Record set
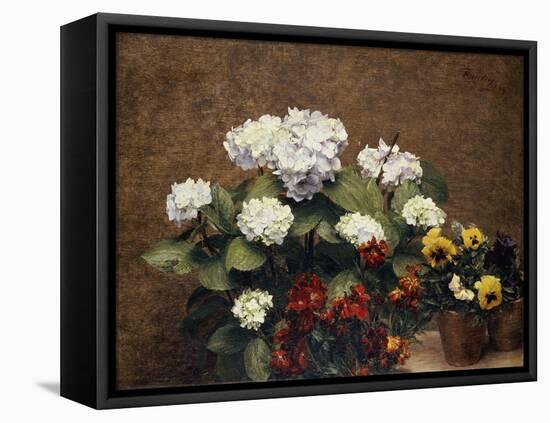 Hydrangeas, Wallflowers and Two Pots of Pansies, 1879-Henri Fantin-Latour-Framed Stretched Canvas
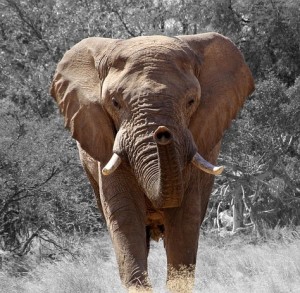 Elefant: Seine Ohren dienen als Vorbild für Klimaanlagen (Foto: Philip von Geyr, pixabay.com)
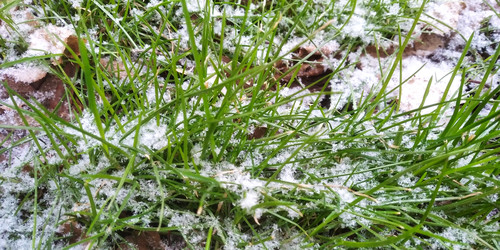 Similar image 22066855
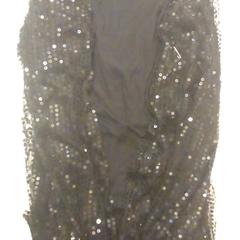 Vestje, segundo informou Koninklijk Theater Carré usando iLost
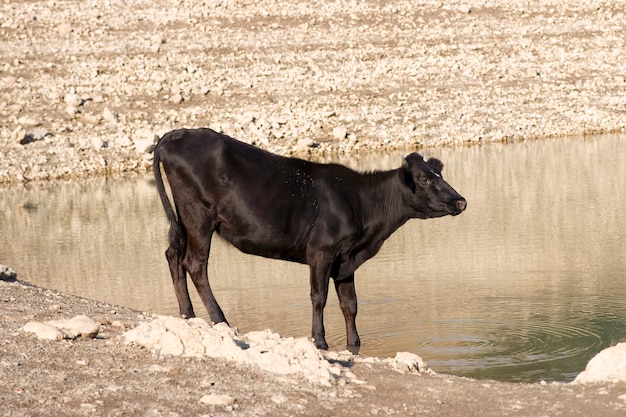 Una vaca joven junto al río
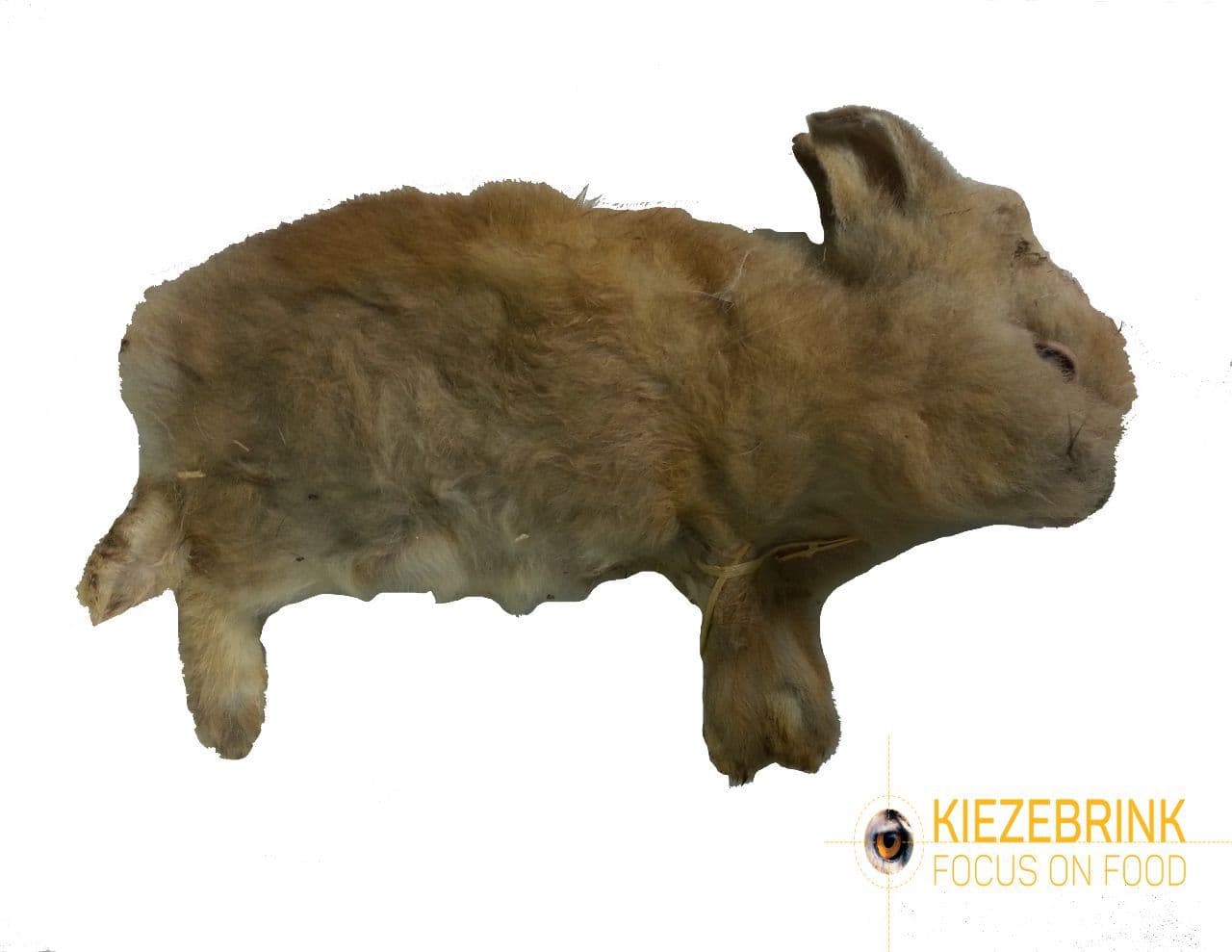 Konijn XS (200-300 g) - 35 st./doos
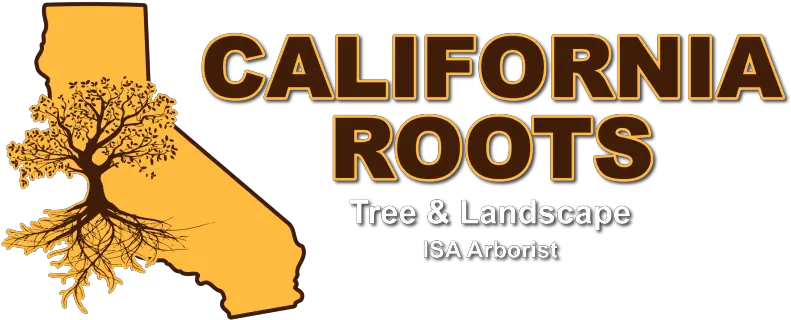 Landscaping Contractor In Modesto Ca California Roots Tree Vertical Png Tree With Roots Png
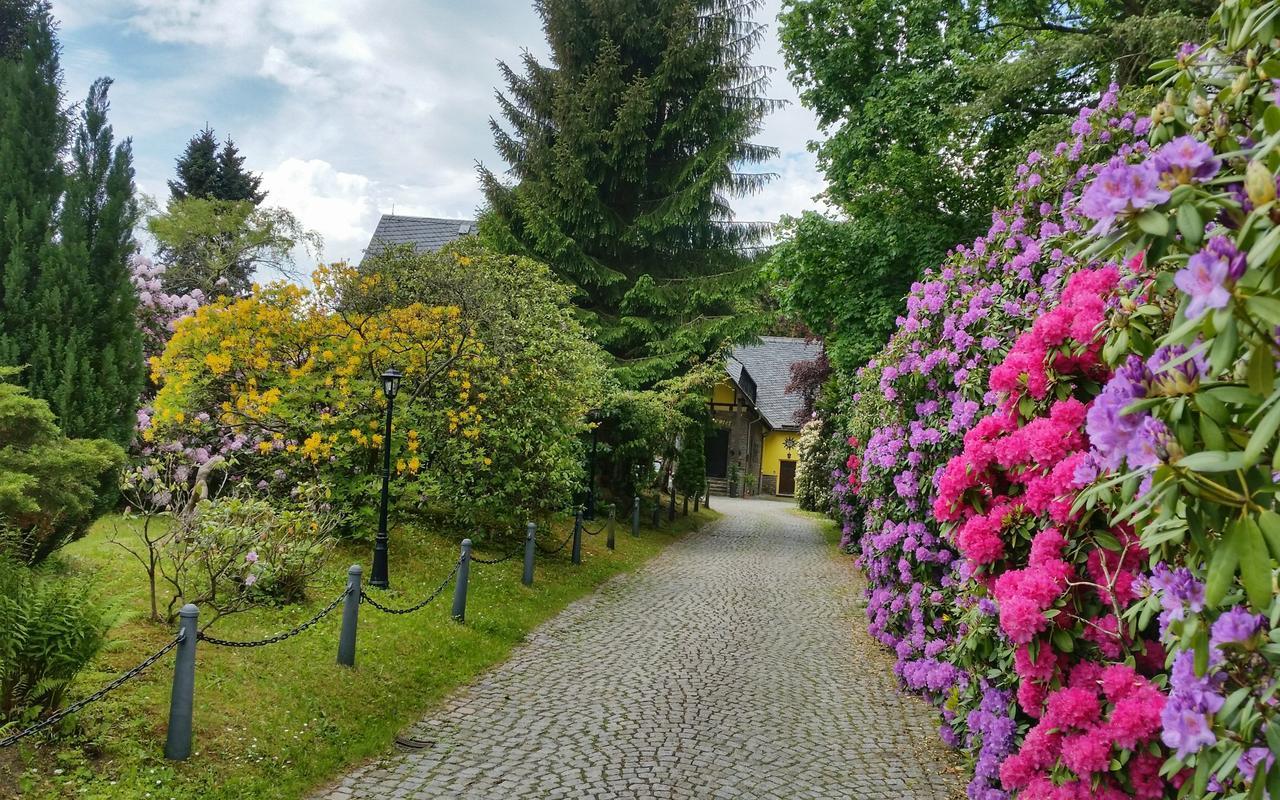 Parkhotel Schwarzenberg - Garni Kültér fotó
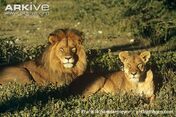 African lion and lioness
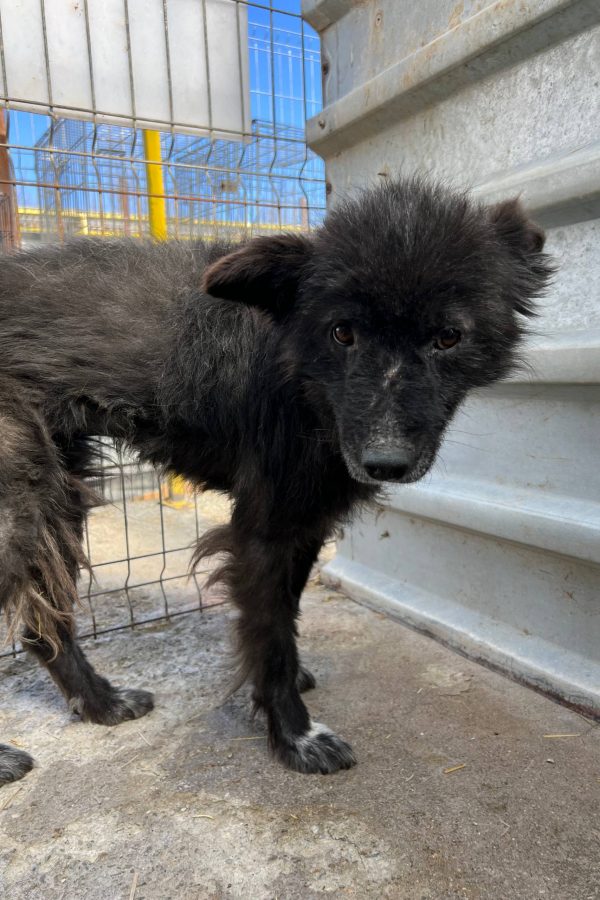 rettung9-hunderettung-europa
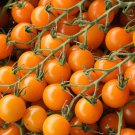 Cherry Orange Tomato Seeds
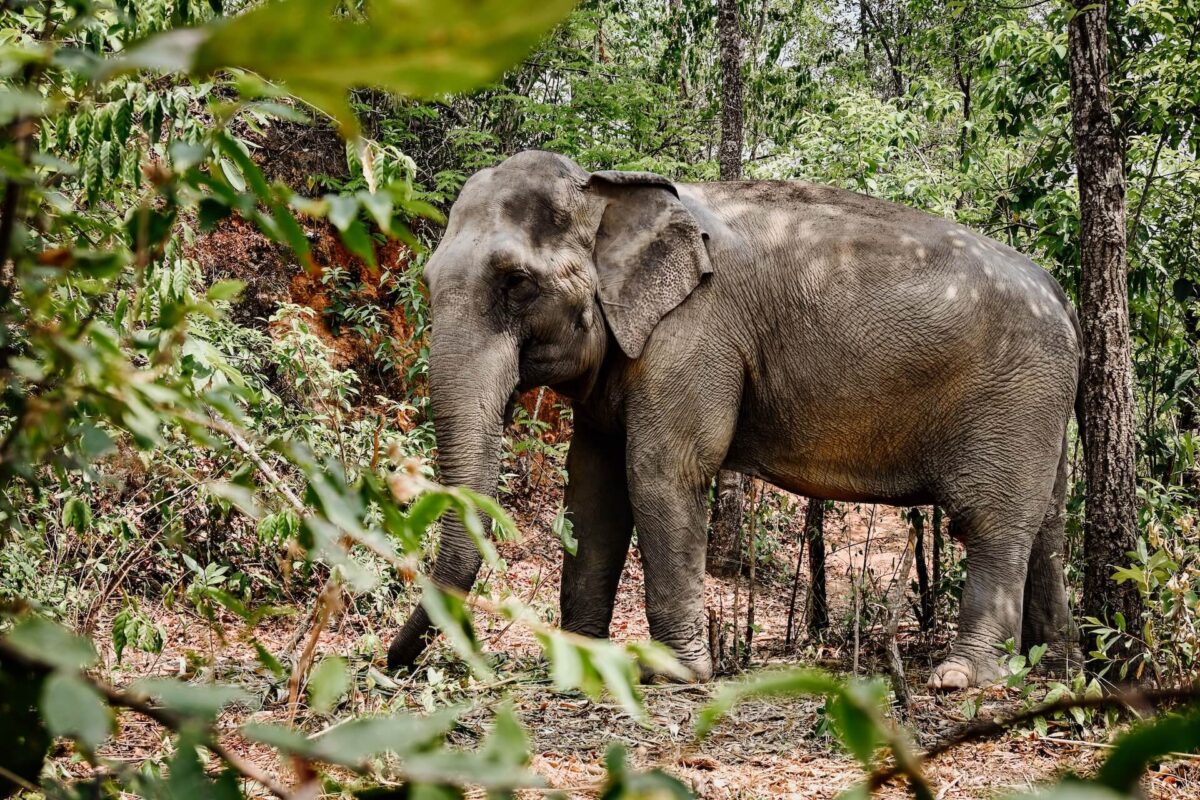 ChiangChill diervriendelijke olifantenopvang in Thailand
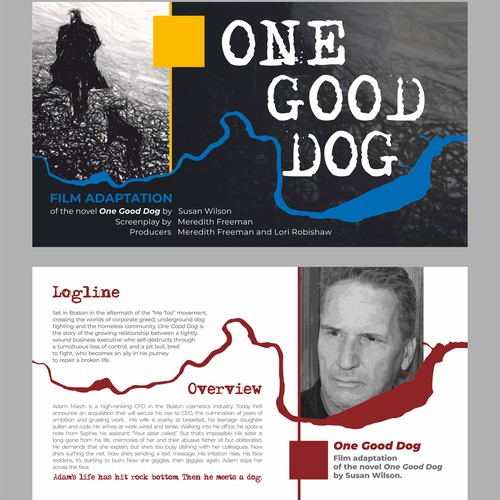 Photo editing design with the title 'presetation'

Work to be completed
Print once more, exactly, the lines from the one with "Parkhotel Schwarzenberg - Garni Kültér fotó" through the last line of the data, both ends included, without any pictures.

Solution for this problem
 Parkhotel Schwarzenberg - Garni Kültér fotó
 African lion and lioness
 rettung9-hunderettung-europa
 Cherry Orange Tomato Seeds
 ChiangChill diervriendelijke olifantenopvang in Thailand
 Photo editing design with the title 'presetation'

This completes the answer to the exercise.